El Jueves, 14 de Septiembre de 2006 15:54, George Woltman escribió:
> At 12:52 AM 9/6/2006, Jason wrote:
> >| |     |****************|            | |     |****************|
> >|
> >|c|     | block i after  | propagate  |c|     | block i+1 after|
> >|a|     | itwiddle, IFFT | carries    |a|     | itwiddle, IFFT |
> >|r|-->  |    and IDWT    | for ea --> |r|-->  |    and IDWT    | --> ...
> >|r|     |    weights     | row        |r|     |    weights     |
> >|y|     |****************|            |y|     |****************|
> >
> >The point is that carries can be propagated while each block is being
> >processed, until you finish the last block.
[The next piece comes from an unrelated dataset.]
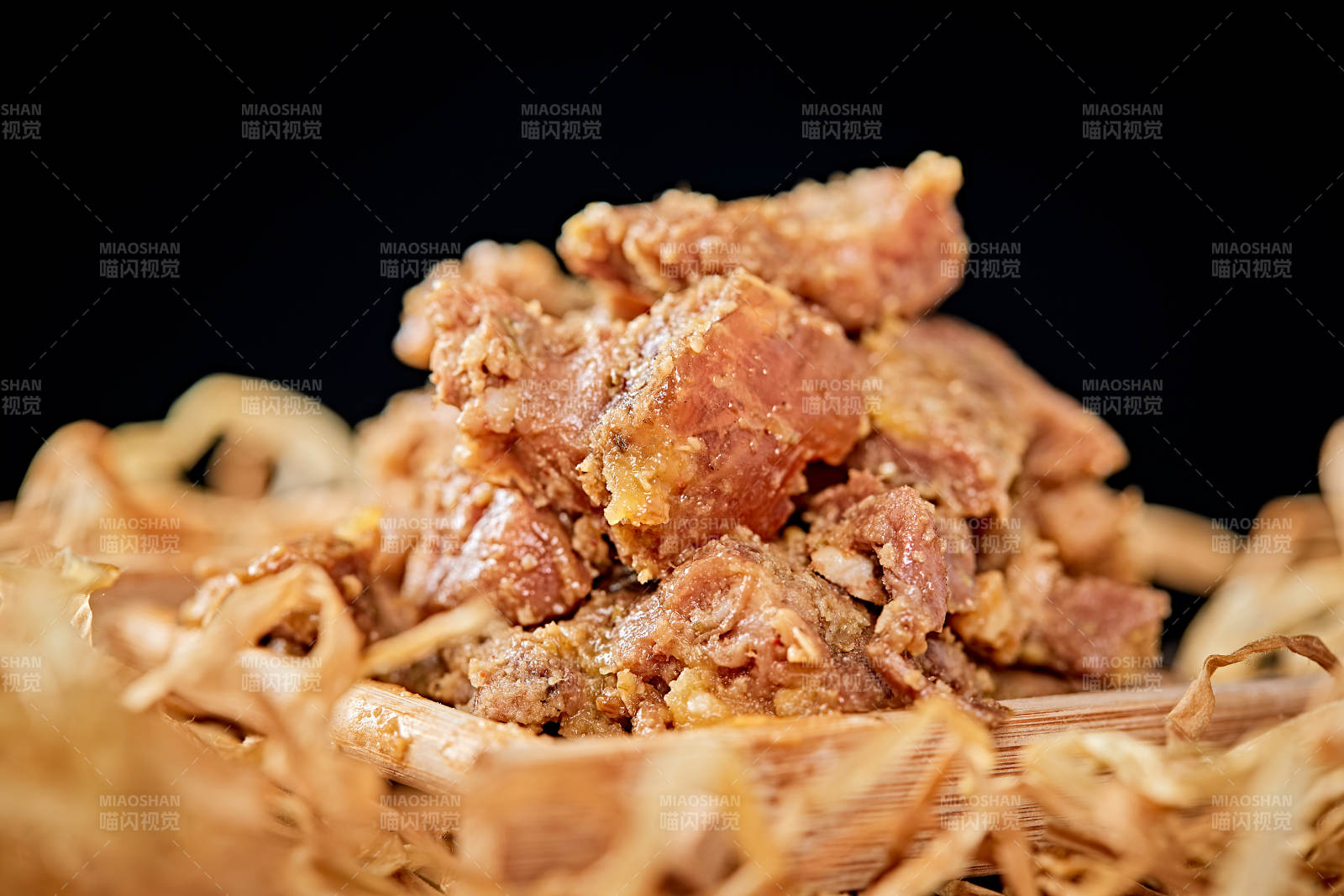 木质背景上摆放的自然香辣牛筋肉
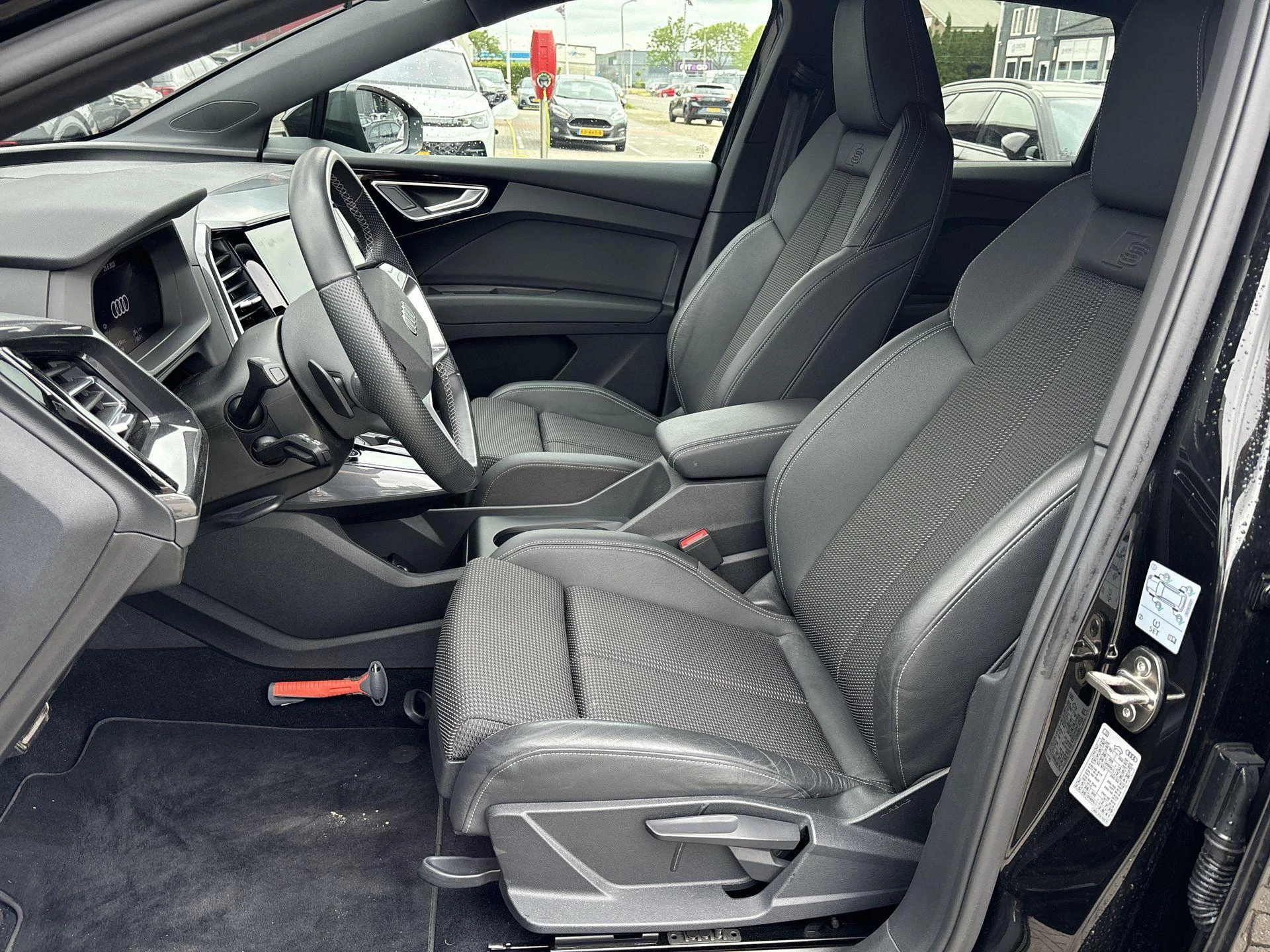 Hoofdafbeelding Audi Q4 e-tron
Then all the carries have
> >to "carriage return" to the next row, the last carry wraps around to
> >the first row like before, and the carry vector propagates 10 elements
> >into the first block
>
> This is the scheme prime95 currently uses - and as you noted it introduces
> a data dependence.  In pass 2, the blocks are truly independent and I can
> dole a data block to each thread as needed.  Very easy and efficient.
> In pass 1, with the data dependence introduced by carry propagation,
> I can see two choices (as an example say there are 1024 data blocks
> and 8 threads):
>
> 1)  Give each thread a contiguous set of data blocks to crunch through.
> Thread 1 gets blocks 0 - 127, thread 2 gets 128 - 255, etc.  Two major
> disadvantages:  a) if one CPU core is busy with something else then
> 7 threads finish and 6 then sit idle waiting for the 8th thread to finish.
> b) more memory for carry buffers and more overhead propagating final
> carries.
>
This is the schema that basically uses Glucas.  Lets see an example, 

Asumme a first FFT radix 8,  in a 8192 array data (doubles) and 8 threads.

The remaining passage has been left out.